» **Dataset excerpts**:
___

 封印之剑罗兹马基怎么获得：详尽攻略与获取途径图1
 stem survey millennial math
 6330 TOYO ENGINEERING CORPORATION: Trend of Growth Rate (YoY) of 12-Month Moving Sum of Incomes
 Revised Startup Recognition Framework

___

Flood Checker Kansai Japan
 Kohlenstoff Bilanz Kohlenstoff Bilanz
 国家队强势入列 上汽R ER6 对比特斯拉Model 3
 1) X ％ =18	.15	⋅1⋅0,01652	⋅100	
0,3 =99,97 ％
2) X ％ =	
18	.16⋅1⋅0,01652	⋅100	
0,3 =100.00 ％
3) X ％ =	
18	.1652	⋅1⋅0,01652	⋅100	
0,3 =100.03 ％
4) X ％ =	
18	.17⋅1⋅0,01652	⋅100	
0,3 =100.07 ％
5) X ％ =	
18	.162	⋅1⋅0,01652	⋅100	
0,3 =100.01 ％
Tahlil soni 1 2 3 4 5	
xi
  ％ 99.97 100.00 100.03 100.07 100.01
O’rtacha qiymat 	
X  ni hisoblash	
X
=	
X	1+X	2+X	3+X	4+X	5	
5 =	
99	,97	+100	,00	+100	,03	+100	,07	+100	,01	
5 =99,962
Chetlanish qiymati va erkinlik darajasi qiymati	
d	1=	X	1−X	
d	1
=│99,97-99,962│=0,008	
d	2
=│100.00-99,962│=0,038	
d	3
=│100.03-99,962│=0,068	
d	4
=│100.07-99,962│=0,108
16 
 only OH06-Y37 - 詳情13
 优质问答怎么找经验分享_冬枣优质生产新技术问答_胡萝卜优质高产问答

___

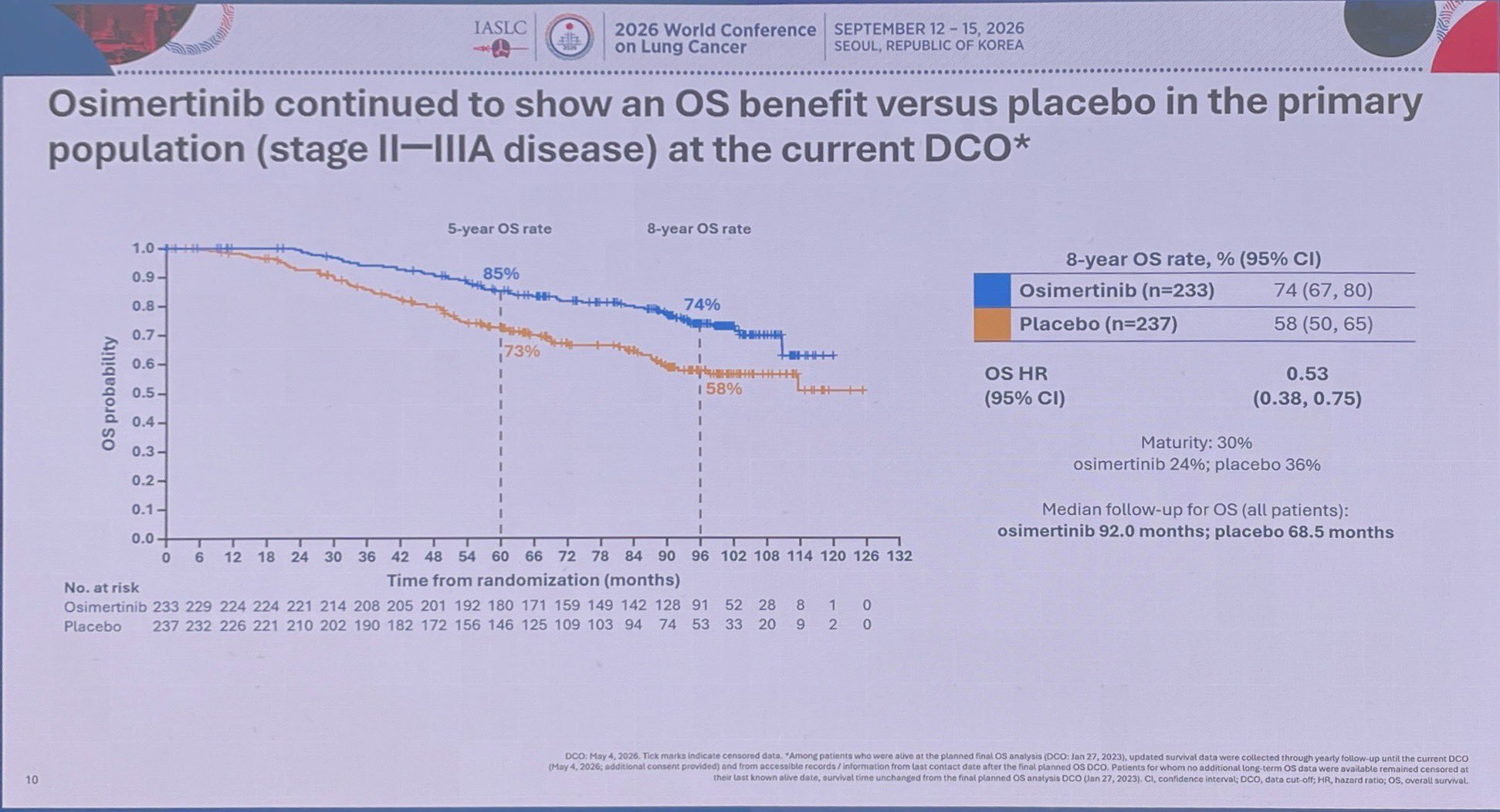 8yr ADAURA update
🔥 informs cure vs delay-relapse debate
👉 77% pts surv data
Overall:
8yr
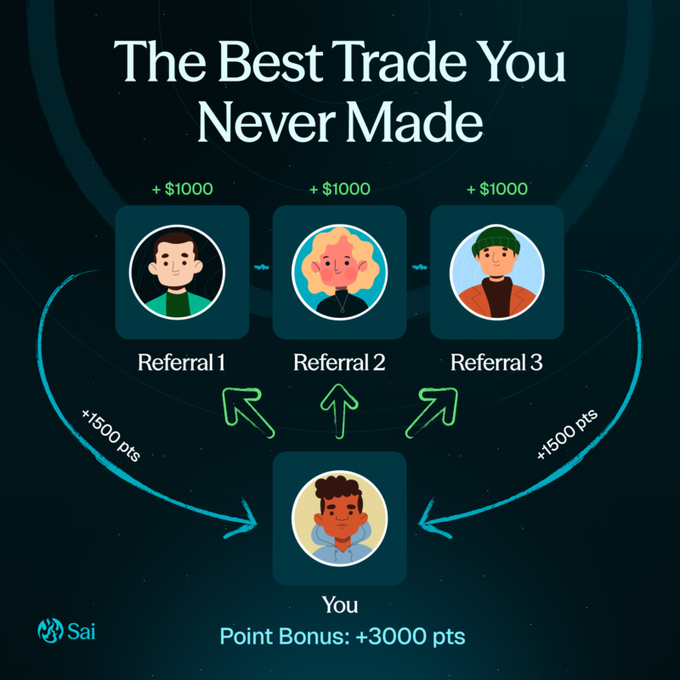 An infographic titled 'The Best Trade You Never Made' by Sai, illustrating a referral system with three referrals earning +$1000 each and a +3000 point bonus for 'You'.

___

» **What to work on**: Copy out only the lines above from the one with "封印之剑罗兹马基怎么获得：详尽攻略与获取途径图1" to the one with "Revised Startup Recognition Framework", inclusive, exactly as they stand.

» **Solution to this task**:
 封印之剑罗兹马基怎么获得：详尽攻略与获取途径图1
 stem survey millennial math
 6330 TOYO ENGINEERING CORPORATION: Trend of Growth Rate (YoY) of 12-Month Moving Sum of Incomes
 Revised Startup Recognition Framework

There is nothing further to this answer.